The next morning, you wake up, ready for your exciting day of site-seeing and fantastic new restaurants. You decide to use your credit card to purchase a souvenir for your friend, but your credit card gets rejected, which is odd, considering that you just paid it off. A little concerned, you call the bank and find out that your funds have been withdrawn.

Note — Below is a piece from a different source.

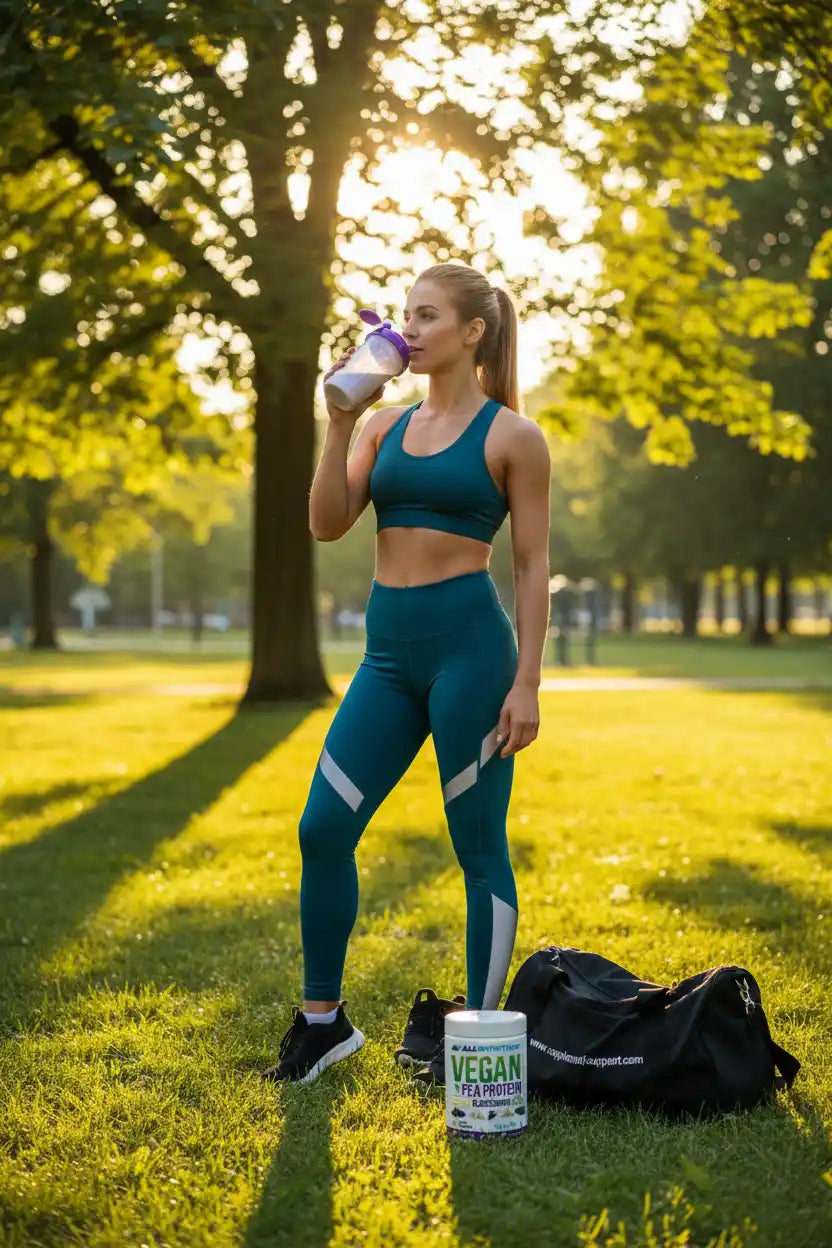 Frau trinkt Veganes Erbsenprotein nach Training im Park, Sportnahrung für Fitness & Laufen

You book it back to the hotel and are shocked to see that all of your possessions, including your laptop, have disappeared.
Sounds like a bad dream... But if the hotel where you are staying is using ANTlabs InnGate routers, this “bad dream” could very well be a reality.
Researchers have discovered a potential vulnerability in the Singapore-based company’s products which could allow an attacker to distribute malware to hotel guests, giving them the ability to not only monitor and record data sent over the hotel Wi-Fi, but to also potentially gain access to the reservation and keycard software.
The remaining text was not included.